DATASET EXCERPTS Block Start

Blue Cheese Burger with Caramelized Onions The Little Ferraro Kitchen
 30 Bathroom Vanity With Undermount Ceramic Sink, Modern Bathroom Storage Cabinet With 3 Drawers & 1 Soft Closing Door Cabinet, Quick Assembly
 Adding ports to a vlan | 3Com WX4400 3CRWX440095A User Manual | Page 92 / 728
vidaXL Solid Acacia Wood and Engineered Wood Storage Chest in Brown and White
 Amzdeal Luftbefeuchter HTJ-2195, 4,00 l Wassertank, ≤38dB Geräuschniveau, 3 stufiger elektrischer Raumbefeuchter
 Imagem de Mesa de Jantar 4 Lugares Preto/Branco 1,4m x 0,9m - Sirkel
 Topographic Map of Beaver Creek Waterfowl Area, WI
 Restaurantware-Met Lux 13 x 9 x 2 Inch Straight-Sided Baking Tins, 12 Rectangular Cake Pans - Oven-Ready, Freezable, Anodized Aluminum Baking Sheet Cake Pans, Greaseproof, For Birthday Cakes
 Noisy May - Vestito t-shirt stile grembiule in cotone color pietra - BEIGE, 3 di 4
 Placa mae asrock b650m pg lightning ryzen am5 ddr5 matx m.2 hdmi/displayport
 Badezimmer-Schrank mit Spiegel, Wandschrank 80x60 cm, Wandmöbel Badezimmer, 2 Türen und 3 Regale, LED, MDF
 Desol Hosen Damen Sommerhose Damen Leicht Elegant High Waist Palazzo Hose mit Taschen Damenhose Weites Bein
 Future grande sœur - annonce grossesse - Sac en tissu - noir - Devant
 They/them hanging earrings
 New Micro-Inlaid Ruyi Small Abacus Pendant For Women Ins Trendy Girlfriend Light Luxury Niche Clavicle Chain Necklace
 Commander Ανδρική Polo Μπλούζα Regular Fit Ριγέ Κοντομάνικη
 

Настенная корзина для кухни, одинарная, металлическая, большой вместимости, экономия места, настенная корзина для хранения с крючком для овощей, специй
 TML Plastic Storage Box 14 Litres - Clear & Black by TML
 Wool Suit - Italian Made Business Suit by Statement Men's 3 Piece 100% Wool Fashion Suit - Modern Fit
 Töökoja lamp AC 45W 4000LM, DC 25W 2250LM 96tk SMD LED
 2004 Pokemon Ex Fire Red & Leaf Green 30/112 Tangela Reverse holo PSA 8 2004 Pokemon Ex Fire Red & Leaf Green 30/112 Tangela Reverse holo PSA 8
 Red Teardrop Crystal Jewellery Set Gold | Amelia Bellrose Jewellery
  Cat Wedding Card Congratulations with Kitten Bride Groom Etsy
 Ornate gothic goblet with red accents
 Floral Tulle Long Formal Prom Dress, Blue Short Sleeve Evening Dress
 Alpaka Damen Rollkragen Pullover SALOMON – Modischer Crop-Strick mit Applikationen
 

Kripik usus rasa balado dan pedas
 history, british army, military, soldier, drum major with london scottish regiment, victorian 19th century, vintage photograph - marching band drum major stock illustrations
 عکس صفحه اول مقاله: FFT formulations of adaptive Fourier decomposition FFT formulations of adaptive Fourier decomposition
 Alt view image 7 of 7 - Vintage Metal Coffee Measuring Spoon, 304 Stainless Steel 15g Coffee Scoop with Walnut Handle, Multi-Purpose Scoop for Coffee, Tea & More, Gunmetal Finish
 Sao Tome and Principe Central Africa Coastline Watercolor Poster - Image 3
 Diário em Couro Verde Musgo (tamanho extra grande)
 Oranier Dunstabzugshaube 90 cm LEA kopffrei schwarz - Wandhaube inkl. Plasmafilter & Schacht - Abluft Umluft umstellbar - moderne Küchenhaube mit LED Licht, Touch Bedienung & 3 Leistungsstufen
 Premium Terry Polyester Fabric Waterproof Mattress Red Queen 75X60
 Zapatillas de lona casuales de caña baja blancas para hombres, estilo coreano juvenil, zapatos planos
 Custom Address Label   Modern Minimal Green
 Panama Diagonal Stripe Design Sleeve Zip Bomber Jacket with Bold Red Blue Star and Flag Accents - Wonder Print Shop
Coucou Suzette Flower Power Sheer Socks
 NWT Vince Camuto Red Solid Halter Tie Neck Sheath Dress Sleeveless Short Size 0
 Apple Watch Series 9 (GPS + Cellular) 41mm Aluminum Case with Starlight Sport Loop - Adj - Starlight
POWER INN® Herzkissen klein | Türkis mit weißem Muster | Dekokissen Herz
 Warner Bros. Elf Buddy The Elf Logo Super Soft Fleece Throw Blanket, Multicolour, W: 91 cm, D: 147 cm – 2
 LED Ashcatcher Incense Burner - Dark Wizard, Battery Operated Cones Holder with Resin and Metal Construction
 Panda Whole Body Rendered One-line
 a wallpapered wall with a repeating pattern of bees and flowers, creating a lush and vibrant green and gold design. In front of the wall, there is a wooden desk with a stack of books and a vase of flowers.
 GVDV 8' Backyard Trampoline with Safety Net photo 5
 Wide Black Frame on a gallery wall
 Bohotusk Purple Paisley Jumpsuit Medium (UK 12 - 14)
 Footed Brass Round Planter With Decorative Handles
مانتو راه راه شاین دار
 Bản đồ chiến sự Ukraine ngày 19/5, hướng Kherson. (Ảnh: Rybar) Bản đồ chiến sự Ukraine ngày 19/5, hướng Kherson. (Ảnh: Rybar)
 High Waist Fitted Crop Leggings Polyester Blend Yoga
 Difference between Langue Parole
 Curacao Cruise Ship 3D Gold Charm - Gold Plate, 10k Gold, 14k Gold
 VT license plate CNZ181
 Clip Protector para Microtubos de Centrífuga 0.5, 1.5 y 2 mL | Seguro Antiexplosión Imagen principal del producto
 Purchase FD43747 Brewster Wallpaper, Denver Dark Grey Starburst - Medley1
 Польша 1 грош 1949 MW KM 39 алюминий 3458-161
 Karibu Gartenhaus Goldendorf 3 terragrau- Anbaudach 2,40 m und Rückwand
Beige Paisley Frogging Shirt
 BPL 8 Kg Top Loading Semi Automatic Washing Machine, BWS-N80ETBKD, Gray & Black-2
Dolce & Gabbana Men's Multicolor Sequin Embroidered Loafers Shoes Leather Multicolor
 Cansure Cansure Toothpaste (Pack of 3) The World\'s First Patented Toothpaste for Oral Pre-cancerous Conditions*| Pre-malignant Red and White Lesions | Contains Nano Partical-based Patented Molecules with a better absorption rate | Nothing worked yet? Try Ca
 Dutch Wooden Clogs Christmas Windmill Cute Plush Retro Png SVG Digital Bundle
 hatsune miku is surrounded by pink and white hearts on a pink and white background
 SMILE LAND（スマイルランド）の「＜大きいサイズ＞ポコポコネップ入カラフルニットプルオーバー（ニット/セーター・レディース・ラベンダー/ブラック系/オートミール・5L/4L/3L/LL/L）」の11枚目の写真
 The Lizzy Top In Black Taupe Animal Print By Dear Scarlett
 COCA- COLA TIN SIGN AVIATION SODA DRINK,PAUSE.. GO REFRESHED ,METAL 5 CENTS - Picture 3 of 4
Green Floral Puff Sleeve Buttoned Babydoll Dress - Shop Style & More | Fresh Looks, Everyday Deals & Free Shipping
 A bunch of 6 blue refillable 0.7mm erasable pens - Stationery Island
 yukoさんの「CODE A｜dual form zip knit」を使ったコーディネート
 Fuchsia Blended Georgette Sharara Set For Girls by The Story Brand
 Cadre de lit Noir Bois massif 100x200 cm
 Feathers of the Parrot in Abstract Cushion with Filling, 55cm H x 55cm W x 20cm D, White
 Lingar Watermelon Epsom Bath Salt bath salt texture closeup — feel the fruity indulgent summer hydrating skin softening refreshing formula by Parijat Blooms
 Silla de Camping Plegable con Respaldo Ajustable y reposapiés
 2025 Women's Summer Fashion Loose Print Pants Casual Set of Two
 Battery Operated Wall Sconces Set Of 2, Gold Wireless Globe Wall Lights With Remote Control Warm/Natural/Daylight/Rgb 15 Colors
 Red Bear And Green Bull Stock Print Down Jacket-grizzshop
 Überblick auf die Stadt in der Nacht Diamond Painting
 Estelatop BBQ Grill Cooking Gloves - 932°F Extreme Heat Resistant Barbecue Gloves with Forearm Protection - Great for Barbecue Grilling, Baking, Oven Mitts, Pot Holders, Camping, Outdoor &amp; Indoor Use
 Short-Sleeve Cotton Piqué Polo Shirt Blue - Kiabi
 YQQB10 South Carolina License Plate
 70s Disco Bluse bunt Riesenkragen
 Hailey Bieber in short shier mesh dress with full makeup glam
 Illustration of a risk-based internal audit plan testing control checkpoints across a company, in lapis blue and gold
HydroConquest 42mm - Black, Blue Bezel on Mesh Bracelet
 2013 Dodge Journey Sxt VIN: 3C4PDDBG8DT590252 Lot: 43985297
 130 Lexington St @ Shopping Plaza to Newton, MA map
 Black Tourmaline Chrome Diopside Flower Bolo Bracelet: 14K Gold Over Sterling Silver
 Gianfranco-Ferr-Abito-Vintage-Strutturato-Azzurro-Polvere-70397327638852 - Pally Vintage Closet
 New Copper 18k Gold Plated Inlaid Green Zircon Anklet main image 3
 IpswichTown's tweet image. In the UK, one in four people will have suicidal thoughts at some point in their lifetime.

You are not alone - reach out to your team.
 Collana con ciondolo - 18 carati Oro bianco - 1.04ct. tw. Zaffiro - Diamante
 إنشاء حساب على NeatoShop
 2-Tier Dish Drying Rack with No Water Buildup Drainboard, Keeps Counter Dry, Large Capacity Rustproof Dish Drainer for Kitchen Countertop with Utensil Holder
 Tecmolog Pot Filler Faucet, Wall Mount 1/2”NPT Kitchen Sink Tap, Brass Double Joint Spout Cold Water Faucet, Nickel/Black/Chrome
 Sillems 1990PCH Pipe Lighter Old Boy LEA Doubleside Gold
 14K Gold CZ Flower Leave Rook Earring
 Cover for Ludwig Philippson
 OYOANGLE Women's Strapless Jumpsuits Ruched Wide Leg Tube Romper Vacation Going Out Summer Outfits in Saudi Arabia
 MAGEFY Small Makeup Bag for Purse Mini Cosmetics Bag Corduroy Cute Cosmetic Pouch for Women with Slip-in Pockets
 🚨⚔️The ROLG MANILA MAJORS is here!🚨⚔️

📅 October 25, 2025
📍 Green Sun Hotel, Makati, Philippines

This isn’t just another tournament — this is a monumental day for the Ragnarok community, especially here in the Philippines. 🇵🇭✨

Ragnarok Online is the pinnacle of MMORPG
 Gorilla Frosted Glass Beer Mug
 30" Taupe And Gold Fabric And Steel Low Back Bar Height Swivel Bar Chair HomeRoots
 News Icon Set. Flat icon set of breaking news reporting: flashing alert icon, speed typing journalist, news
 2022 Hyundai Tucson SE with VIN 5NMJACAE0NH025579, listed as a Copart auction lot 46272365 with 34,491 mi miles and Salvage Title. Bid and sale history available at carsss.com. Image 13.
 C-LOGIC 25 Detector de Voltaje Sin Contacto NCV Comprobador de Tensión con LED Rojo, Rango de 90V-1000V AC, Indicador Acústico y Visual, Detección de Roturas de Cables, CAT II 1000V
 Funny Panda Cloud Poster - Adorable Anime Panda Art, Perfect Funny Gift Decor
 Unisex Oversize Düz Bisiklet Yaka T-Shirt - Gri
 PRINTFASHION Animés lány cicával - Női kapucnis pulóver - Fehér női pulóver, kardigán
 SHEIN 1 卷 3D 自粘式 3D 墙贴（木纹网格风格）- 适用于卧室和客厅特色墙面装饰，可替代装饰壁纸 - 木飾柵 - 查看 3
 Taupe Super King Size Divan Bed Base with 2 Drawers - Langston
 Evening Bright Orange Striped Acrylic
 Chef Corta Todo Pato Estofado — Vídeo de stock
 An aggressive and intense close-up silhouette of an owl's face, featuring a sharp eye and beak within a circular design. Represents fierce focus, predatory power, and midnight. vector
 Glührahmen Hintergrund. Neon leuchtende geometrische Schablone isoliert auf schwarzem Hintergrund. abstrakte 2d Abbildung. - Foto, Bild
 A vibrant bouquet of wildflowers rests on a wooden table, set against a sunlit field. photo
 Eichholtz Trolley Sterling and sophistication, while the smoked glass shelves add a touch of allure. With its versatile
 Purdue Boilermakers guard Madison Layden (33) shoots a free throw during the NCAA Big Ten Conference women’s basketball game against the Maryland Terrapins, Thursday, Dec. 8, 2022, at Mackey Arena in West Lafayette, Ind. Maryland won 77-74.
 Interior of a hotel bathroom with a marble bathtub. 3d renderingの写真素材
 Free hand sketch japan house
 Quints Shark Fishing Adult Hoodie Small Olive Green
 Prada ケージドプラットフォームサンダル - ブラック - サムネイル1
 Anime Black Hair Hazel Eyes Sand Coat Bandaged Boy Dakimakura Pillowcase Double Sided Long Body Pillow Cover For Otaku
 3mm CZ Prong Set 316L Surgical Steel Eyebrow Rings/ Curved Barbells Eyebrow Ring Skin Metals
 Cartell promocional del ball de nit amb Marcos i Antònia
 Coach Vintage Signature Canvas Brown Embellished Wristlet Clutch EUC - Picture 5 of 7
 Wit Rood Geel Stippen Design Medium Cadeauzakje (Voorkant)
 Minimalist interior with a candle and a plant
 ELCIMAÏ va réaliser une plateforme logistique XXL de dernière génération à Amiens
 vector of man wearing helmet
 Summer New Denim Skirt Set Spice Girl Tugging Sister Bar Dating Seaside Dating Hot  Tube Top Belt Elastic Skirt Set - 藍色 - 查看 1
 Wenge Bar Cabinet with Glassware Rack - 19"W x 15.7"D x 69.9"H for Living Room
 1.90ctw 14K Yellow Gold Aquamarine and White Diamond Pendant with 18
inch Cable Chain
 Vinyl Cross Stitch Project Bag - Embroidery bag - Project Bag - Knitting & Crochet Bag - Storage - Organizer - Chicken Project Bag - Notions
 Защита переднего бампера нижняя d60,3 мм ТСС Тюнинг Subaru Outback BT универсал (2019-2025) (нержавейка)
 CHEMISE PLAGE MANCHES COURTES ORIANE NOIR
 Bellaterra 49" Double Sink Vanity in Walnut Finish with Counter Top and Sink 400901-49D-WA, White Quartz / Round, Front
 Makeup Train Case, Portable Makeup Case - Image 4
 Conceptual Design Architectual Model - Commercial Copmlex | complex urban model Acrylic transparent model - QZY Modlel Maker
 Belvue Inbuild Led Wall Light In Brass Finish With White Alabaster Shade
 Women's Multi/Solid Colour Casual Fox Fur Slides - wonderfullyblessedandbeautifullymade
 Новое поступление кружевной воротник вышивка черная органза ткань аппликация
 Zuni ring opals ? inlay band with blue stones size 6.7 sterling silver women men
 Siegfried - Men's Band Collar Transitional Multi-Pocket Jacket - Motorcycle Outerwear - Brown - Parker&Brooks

DATASET EXCERPTS Block End

In the entries above, find the line with "Illustration of a" and the line with "14K Gold CZ Flower Leave Rook Earring", then restate word for word both of them and every line between, with nothing more.

 Illustration of a risk-based internal audit plan testing control checkpoints across a company, in lapis blue and gold
HydroConquest 42mm - Black, Blue Bezel on Mesh Bracelet
 2013 Dodge Journey Sxt VIN: 3C4PDDBG8DT590252 Lot: 43985297
 130 Lexington St @ Shopping Plaza to Newton, MA map
 Black Tourmaline Chrome Diopside Flower Bolo Bracelet: 14K Gold Over Sterling Silver
 Gianfranco-Ferr-Abito-Vintage-Strutturato-Azzurro-Polvere-70397327638852 - Pally Vintage Closet
 New Copper 18k Gold Plated Inlaid Green Zircon Anklet main image 3
 IpswichTown's tweet image. In the UK, one in four people will have suicidal thoughts at some point in their lifetime.

You are not alone - reach out to your team.
 Collana con ciondolo - 18 carati Oro bianco - 1.04ct. tw. Zaffiro - Diamante
 إنشاء حساب على NeatoShop
 2-Tier Dish Drying Rack with No Water Buildup Drainboard, Keeps Counter Dry, Large Capacity Rustproof Dish Drainer for Kitchen Countertop with Utensil Holder
 Tecmolog Pot Filler Faucet, Wall Mount 1/2”NPT Kitchen Sink Tap, Brass Double Joint Spout Cold Water Faucet, Nickel/Black/Chrome
 Sillems 1990PCH Pipe Lighter Old Boy LEA Doubleside Gold
 14K Gold CZ Flower Leave Rook Earring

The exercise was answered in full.